The flexibility change_state has from taking a block argument will help with implementing the grid for the second part of this challenge. That grid will require the use of integers, instead of booleans, and those blocks will implement slightly different transformations of the light values.

I’ve decided to call the new grid DimmableLightGrid since the instructions increase and decrease the brightness of each light. The tests for it are identical to the previous grid and highlights how this grid functions in a completely different manner.

def test_dimmablelightgrid
  g = DimmableLightGrid.new(rows: 2, cols: 2)
  #   0 1
  # 0 0 0
  # 1 0 0
  assert g.brightness, 0

  #   0 1
  # 0 1 0
  # 1 1 0
  g.turn_on(Point[0, 0], Point[0, 1])
  assert g.brightness, 2

  #   0 1
  # 0 1 0
  # 1 0 0
  g.turn_off(Point[0, 1], Point[1, 1])
  assert g.brightness, 1

  #   0 1
  # 0 3 2
  # 1 2 2
  g.toggle(Point[0, 0], Point[1, 1])
  assert g.brightness, 9
end

The brightness value changes in ways very different to the on and off states of the previous grid and I have included comments representing the grid for clarity again.

class DimmableLightGrid < LightGrid
  def initialize(rows: 1_000, cols: 1_000)
    super(0, rows: rows, cols: cols)
  end

  def brightness
    @grid.sum
  end

  def turn_on(origin, bound)
    change_state(origin, bound) { |i| i + 1 }
  end

  def turn_off(origin, bound)
    change_state(origin, bound) { |i| 0.max(i - 1) }
  end

  def toggle(origin, bound)
    change_state(origin, bound) { |i| i + 2 }
  end
end

This turned out rather well, without much complexity to creating a new light grid, and it mirrors the requirements list in an explicit fashion. The one piece of additional complexity is the Integer#max method, but I think it pulls its own weight here because without it I would either need an additional line of code within the block to hold the decremented value, or I would need to create an array to call Array#max.

This little piece of nice looking code is because Ruby solves the expression problem via open classes — in true object-oriented style, every single class in Ruby is open for your code to modify.

class Integer
  def max(i)
    self > i ? self : i
  end
end

The other minor trick here is that the method parameter doubles as a storage location for the decremented value which allows the grid code to avoid creating its own temporary storage.

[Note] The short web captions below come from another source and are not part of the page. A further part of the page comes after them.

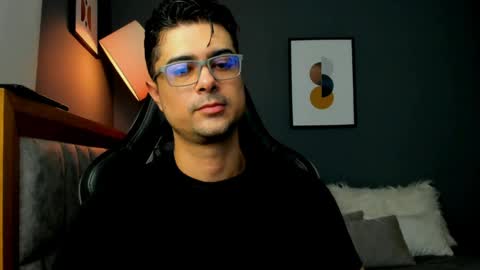 adam clarke online show from 06.02.26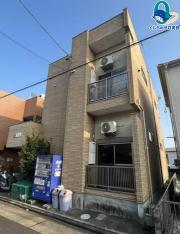 フォービエン川西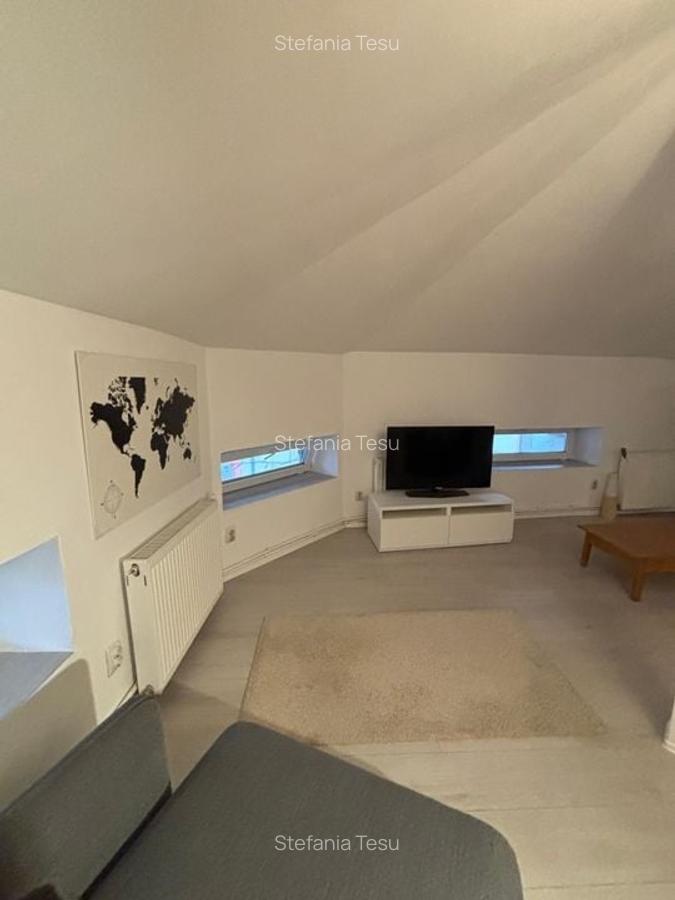 Apartament 2 camere Calea Victoriei de închiriat - 3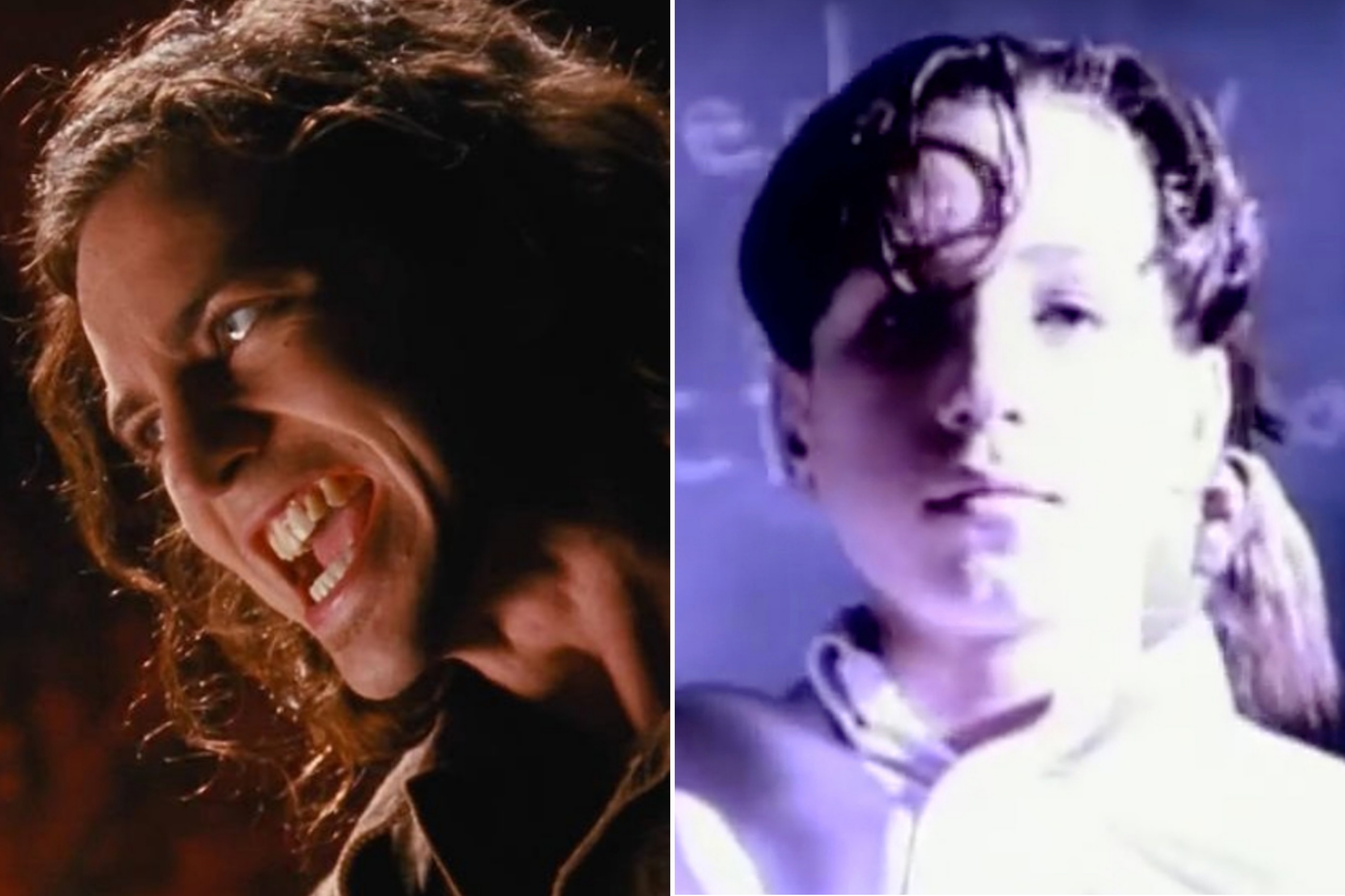 'Jeremy': vídeo lançado há 30 anos causou controvérsia aos então estreantes do Pearl Jam (Reprodução)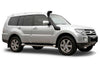 Safari Snorkel V-Spec Kit fits Mitsubishi Pajero NW
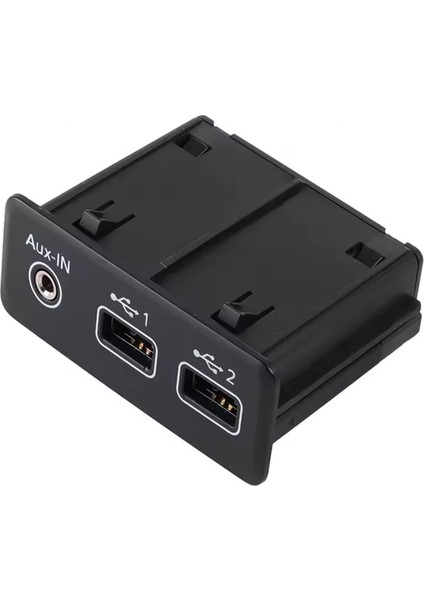 Renault Araç Aksesuarları Lhd Için 280231941R Aux Ses Arayüzü (Yurt Dışından)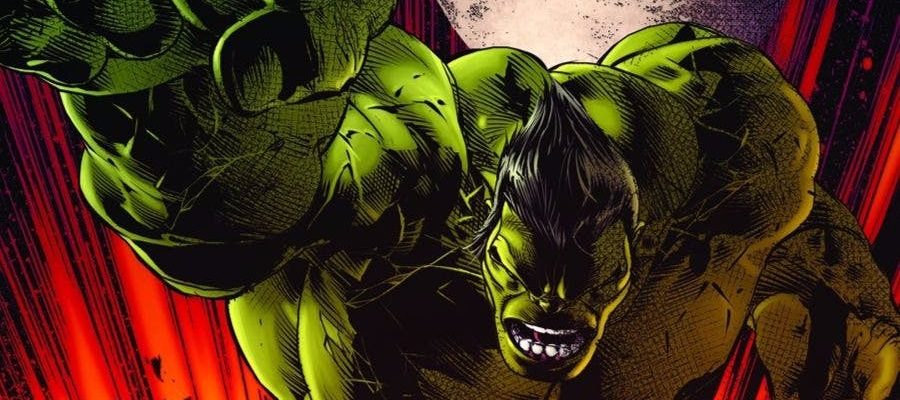 World War Hulk Sequel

Last, but certainly not least, I’ve refactored the original solve_a method into one called solve_worker without changing the implementation at all. The solve_a and our new solve_b method both now rely on the solve_worker method to drive changes to their grid classes and only return the problem solution.

def solve_a(grid, input)
  solve_worker(grid, input)
  grid.count
end

def solve_b(grid, input)
  solve_worker(grid, input)
  grid.brightness
end

The final thing to do is to run the solution to get our answer to Part B.

$ run -y 2015 -q 6 -b
14110788

Not So Light-Weight

This problem involved a lot more testing than previous solutions, but I was also able to explore some pretty fundamental parts of Ruby. Thankfully the solution was not too complicated even though the write-up was dramatically longer than others.